Opinionated view of a 3rd generation serving framework
Or how to get 1 second render times on complex web pages …
In the previous post, we saw how we could classify internet serving architecture into different generations and what the implications of each generation are. We also observed there, how, as we enter 3rd generation and later, the need for concurrency becomes central to having a performant serving system.
In the world of complex web pages, like YouTube, etc., the question then arises on how to organize the code to balance ease of coding while still retaining the performance benefits. In this post we look at one such idea, which has proven to work well in practice.
Problem Definition
What do we mean by 1 second render time? It means that once the user types in the URL, the web page is visible for the user to interact with within or at 1 second. There is a lot of content in the web today, like this blog post or this book or this Google developer documentation that talk about browser page rendering and how to look at it from a front-end perspective.

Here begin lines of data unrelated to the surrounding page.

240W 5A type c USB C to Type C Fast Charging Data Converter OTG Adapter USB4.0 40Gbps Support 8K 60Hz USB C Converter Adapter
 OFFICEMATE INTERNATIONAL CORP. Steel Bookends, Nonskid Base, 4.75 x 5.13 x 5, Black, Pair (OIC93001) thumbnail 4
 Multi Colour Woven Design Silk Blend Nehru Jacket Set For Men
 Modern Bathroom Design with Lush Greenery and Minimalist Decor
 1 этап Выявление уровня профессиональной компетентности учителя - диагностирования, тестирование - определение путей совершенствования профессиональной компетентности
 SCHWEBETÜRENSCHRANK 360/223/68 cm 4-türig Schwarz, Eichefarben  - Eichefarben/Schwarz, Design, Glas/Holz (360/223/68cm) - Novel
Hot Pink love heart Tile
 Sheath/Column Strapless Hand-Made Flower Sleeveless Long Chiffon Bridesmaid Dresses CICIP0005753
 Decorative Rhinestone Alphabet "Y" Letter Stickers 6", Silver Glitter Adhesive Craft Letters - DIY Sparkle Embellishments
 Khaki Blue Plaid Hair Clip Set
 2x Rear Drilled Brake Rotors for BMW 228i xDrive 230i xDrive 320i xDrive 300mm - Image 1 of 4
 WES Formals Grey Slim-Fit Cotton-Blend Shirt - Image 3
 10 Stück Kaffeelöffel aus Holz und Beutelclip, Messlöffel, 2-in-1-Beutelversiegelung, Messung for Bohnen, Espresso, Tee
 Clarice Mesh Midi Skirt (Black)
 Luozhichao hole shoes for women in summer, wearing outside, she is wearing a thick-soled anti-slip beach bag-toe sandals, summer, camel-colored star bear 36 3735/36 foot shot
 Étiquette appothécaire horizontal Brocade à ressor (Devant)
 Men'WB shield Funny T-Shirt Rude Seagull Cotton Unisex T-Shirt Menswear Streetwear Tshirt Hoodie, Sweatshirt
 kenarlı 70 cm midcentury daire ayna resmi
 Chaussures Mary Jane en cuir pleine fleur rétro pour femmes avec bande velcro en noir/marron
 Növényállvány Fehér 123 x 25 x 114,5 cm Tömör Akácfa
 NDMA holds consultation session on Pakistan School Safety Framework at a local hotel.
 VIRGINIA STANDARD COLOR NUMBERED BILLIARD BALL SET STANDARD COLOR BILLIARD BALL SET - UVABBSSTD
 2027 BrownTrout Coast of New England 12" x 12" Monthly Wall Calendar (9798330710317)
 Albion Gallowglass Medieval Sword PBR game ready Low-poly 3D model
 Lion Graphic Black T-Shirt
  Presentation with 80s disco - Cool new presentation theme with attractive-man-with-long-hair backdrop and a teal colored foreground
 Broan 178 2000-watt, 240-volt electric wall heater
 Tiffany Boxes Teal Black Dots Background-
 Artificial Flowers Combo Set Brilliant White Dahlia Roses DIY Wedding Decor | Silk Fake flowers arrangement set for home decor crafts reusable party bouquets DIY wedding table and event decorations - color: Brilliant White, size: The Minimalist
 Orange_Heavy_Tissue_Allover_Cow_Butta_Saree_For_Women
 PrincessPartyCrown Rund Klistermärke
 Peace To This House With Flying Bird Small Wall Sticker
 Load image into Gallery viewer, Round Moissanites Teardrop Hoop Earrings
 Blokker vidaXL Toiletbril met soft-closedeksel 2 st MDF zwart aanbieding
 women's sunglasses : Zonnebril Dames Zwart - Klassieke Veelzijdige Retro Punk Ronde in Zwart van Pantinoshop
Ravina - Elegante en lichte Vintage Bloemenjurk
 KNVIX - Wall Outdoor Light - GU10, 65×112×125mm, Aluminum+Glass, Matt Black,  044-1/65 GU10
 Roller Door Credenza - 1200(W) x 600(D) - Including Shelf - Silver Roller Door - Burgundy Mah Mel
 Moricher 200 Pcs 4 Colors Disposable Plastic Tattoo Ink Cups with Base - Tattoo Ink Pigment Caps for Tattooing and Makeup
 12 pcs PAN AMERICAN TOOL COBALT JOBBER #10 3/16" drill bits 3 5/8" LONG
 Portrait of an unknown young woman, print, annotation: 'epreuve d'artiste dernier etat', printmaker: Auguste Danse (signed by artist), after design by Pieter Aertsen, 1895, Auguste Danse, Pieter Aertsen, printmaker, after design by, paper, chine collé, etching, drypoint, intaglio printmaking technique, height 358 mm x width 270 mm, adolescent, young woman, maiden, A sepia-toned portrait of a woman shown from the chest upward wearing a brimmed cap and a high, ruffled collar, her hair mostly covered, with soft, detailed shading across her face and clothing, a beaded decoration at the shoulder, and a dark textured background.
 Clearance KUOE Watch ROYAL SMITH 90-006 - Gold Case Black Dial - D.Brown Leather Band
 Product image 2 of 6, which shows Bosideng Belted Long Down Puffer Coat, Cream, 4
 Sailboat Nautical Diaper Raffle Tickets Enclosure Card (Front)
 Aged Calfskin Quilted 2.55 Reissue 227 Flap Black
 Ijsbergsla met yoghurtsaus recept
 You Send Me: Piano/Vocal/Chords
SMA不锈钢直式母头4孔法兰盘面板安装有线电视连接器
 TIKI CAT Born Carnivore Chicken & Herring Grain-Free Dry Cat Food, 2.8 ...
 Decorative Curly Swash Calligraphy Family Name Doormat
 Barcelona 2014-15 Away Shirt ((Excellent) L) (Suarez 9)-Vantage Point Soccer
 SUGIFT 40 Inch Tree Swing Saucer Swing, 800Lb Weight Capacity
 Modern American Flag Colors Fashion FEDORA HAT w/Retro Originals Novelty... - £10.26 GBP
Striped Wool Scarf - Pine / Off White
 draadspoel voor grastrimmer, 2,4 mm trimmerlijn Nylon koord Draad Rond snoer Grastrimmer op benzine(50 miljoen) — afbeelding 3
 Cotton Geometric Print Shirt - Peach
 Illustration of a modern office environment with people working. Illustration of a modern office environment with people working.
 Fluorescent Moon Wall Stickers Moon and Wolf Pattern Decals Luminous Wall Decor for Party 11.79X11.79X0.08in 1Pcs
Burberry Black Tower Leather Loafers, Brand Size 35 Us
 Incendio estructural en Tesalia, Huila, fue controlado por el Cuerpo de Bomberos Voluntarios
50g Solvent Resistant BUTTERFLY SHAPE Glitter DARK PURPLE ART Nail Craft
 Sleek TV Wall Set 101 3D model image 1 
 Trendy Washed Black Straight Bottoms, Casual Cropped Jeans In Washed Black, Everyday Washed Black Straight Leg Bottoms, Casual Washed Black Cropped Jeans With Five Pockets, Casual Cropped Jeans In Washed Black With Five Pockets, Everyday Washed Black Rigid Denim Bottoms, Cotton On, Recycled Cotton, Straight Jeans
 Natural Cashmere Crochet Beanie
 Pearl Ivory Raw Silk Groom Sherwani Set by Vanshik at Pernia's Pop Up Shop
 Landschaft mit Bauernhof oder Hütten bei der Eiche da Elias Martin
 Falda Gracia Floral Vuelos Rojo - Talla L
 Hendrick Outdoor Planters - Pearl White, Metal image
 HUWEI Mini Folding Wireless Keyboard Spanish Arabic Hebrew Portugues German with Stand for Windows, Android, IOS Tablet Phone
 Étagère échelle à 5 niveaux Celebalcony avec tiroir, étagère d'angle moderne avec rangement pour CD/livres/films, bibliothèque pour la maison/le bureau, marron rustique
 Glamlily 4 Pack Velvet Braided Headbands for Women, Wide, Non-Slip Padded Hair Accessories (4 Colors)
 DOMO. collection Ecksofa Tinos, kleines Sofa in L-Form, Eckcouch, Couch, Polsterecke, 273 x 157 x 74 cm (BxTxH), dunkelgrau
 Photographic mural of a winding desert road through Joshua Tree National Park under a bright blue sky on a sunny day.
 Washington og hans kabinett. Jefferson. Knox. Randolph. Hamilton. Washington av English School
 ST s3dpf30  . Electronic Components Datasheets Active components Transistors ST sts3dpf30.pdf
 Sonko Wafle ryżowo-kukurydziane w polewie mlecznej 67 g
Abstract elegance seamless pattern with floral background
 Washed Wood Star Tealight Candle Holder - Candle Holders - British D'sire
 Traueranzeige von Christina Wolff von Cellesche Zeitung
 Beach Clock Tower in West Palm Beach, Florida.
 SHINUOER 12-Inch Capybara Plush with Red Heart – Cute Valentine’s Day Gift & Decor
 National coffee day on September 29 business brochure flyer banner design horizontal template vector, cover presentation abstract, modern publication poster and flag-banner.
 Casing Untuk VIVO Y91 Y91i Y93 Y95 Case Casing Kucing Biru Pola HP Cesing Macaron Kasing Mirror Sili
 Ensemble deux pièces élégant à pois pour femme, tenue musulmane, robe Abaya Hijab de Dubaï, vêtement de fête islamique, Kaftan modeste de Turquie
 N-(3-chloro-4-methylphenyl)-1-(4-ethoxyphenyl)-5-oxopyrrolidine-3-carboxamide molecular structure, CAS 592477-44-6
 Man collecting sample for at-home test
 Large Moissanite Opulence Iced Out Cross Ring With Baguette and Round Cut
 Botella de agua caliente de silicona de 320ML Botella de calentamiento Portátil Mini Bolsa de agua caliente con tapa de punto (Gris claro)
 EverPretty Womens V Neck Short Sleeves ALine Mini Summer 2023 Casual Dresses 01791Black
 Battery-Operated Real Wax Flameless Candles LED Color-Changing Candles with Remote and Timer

But I’ve rarely seen folks talk about what it means from a backend web-server perspective on how to generate and organize the content in the first place.
Let’s start by quantifying the problem.
Modern browsers today implicitly support what is called the Navigation Timings API in JavaScript to capture and expose the performance of a given web page load. The excellent Navigation Timing Bookmarklet project provides a bookmarklet that you can drag into your bookmark toolbar and once a page is loaded, click to visualize the various stages at a high level.
Here for example is how one of the page loads on the current blog looks like:
As one can see, the whole of the page load can be considered as being three distinct phases, namely,
- Connect: which include the DNS lookup, TCP connection and SSL handshake for HTTPS. This is the red colored data in the rendering.
- Request: which is when the actual “GET /….” part is sent to the web-server for fetching the content. This is the yellow colored data in the rendering.
- Render: which includes the parsing of the HTML received, generating the DOM, fetching any addition resources referenced in the HTML, like CSS, script and IMG tags and rendering the page on the browser. This is the blue colored data in the rendering.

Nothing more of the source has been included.